* **Exercise**:
Give back every entry exactly as it is written, but not the pictures.

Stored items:
= = =

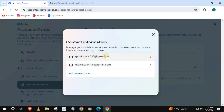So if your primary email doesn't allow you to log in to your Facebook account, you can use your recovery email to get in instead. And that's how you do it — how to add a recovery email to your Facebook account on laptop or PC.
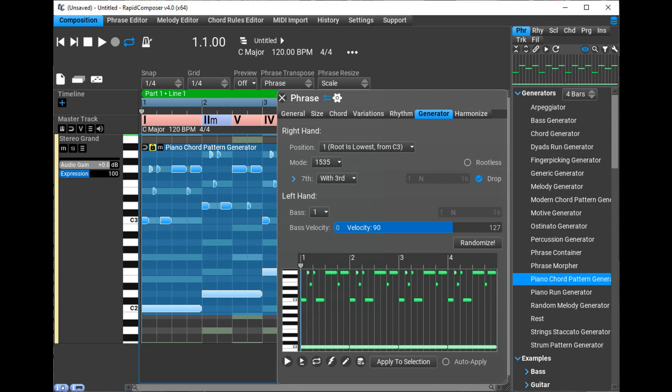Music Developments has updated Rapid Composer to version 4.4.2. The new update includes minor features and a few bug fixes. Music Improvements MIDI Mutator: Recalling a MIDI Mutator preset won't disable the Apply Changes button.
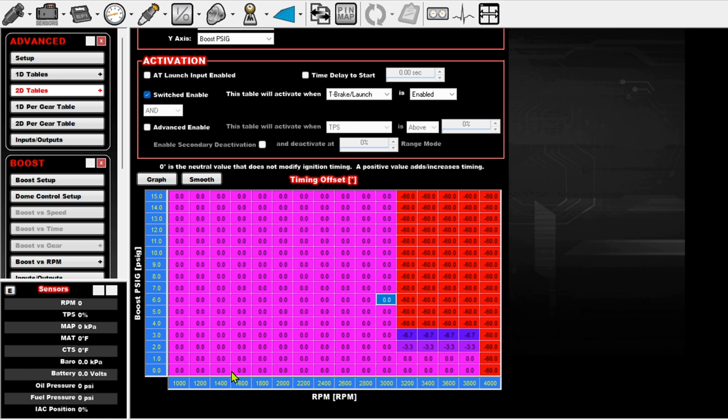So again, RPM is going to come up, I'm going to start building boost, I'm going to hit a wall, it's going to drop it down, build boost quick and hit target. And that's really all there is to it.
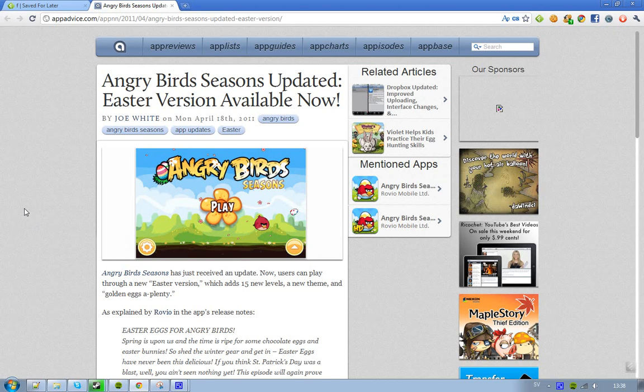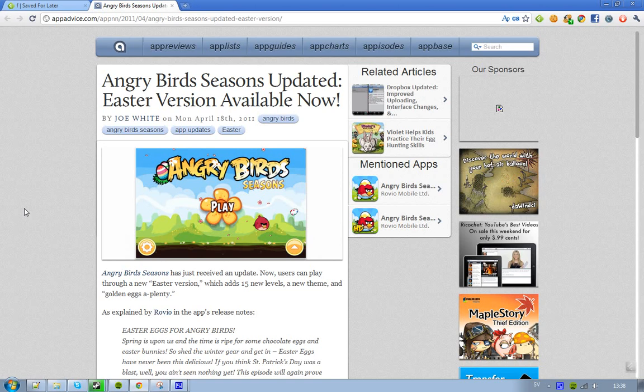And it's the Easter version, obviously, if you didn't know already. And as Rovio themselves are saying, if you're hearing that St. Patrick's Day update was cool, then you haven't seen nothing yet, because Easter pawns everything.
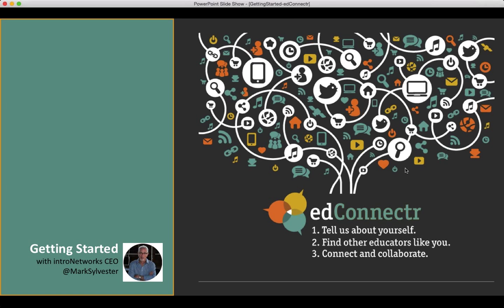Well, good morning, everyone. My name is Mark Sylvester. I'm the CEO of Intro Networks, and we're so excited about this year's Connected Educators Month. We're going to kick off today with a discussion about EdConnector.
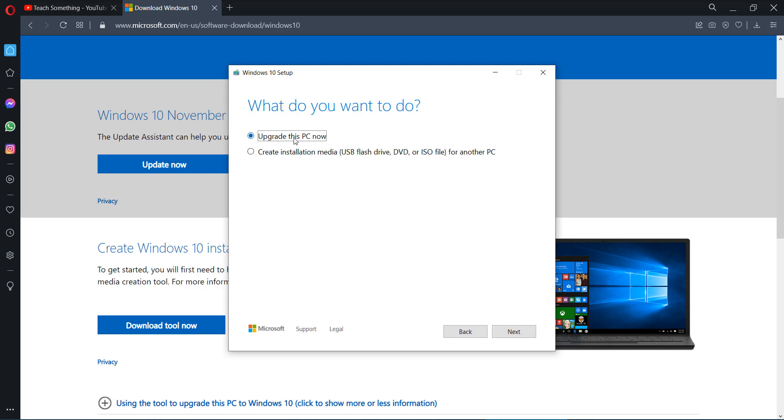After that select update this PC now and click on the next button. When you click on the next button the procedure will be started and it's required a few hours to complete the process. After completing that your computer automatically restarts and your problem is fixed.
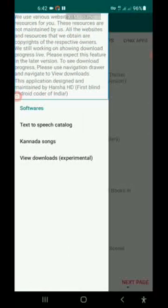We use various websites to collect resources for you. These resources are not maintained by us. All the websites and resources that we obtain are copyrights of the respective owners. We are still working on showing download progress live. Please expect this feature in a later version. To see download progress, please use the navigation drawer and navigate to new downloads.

= = =

* **Problem solution**:
So if your primary email doesn't allow you to log in to your Facebook account, you can use your recovery email to get in instead. And that's how you do it — how to add a recovery email to your Facebook account on laptop or PC.
Music Developments has updated Rapid Composer to version 4.4.2. The new update includes minor features and a few bug fixes. Music Improvements MIDI Mutator: Recalling a MIDI Mutator preset won't disable the Apply Changes button.
So again, RPM is going to come up, I'm going to start building boost, I'm going to hit a wall, it's going to drop it down, build boost quick and hit target. And that's really all there is to it.
And it's the Easter version, obviously, if you didn't know already. And as Rovio themselves are saying, if you're hearing that St. Patrick's Day update was cool, then you haven't seen nothing yet, because Easter pawns everything.
Well, good morning, everyone. My name is Mark Sylvester. I'm the CEO of Intro Networks, and we're so excited about this year's Connected Educators Month. We're going to kick off today with a discussion about EdConnector.
After that select update this PC now and click on the next button. When you click on the next button the procedure will be started and it's required a few hours to complete the process. After completing that your computer automatically restarts and your problem is fixed.
We use various websites to collect resources for you. These resources are not maintained by us. All the websites and resources that we obtain are copyrights of the respective owners. We are still working on showing download progress live. Please expect this feature in a later version. To see download progress, please use the navigation drawer and navigate to new downloads.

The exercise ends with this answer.